──────── MATERIAL FOR THIS EXERCISE

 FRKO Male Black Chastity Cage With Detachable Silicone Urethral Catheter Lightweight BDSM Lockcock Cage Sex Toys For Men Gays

────────────────
──────── MATERIAL FOR THIS EXERCISE

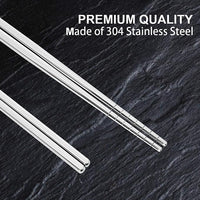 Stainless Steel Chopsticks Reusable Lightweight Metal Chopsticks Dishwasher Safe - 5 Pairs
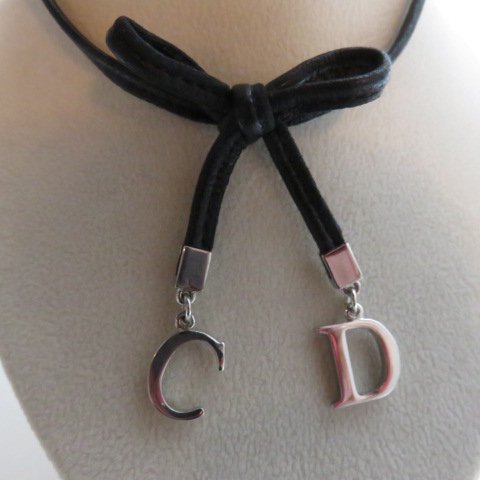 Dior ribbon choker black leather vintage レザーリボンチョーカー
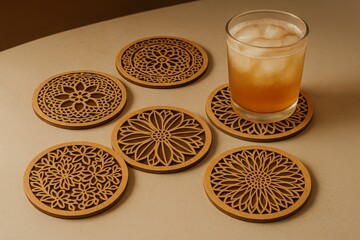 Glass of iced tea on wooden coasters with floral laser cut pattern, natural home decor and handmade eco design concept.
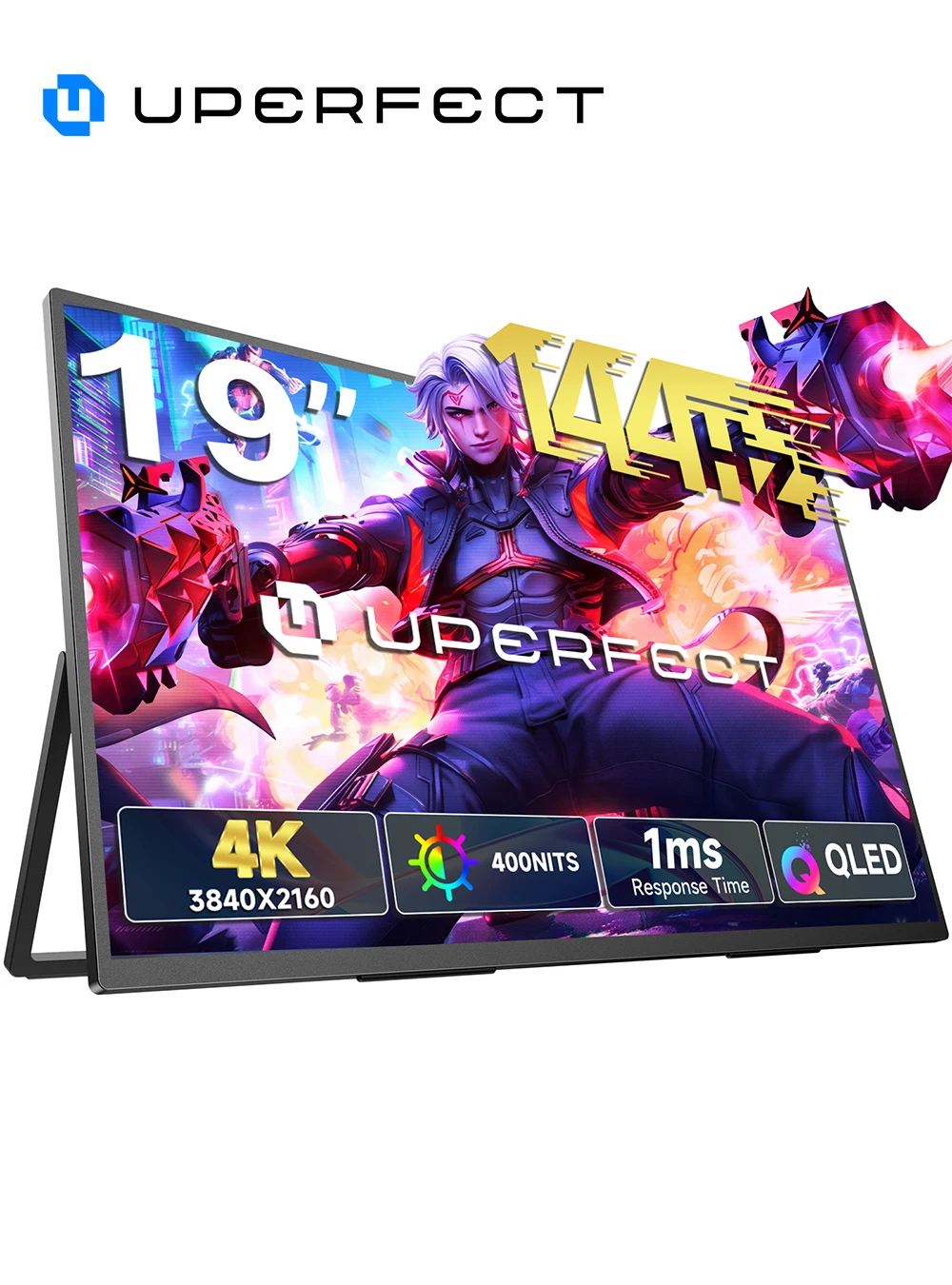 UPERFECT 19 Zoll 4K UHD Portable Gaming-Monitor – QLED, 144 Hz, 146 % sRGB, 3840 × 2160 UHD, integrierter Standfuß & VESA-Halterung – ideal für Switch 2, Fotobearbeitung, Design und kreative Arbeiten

────────────────

**WORK INSTRUCTION:** Although pictures appear among the records above, none are to be output; print exactly the lines from the line containing "Dior ribbon choker" through the line containing "UPERFECT 19 Zoll".

**TASK ANSWER:**
 Dior ribbon choker black leather vintage レザーリボンチョーカー
 Glass of iced tea on wooden coasters with floral laser cut pattern, natural home decor and handmade eco design concept.
 UPERFECT 19 Zoll 4K UHD Portable Gaming-Monitor – QLED, 144 Hz, 146 % sRGB, 3840 × 2160 UHD, integrierter Standfuß & VESA-Halterung – ideal für Switch 2, Fotobearbeitung, Design und kreative Arbeiten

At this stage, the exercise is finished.